Immaginate di mutuare un progetto nato in aree dove il bilinguismo caratterizza la vita sociale quotidiana – come Barcellona o Bolzano, dove catalano e tedesco convivono con castigliano e italiano – e di trapiantarlo a Padova allo scopo di facilitare l’integrazione sociale. È quanto sta avvenendo ormai da due anni e mezzo nella parrocchia cittadina di Santa Rita da Cascia. C’è da scommettere che quando il parroco don Romeo Sinigaglia incontrerà il sindaco Giordani, nell’ambito del confronto che il primo cittadino ha chiesto a tutti i parroci, nella conversazione entrerà anche il progetto Cleopa “Parla con me l’italiano”.
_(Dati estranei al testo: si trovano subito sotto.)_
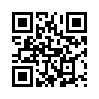 QR kód na túto stránku poi.oma.sk n3608493064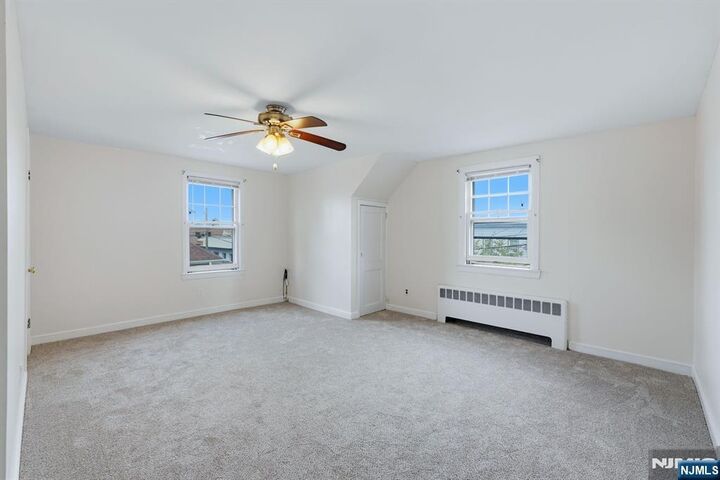 Property Photo: 141 West Street 2 NJ 07601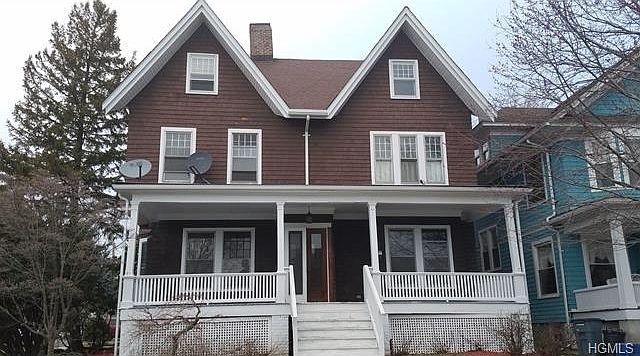 1st image of 23 Courtland Pl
«Siamo partiti nel febbraio 2016 – fa il punto la coordinatrice Alessandra Pallaro – e abbiamo raggiunto il numero di 114 coppie, 85 volontari e 81 apprendenti. Abbiamo uno zoccolo duro di volontari veterani sempre più capaci di avvicinare i giovani migranti che gravitano negli spazi circostanti la parrocchia. A loro si aggiungono anche nuove persone incuriosite da questo mondo così vicino e così lontano. Siamo sempre in attività».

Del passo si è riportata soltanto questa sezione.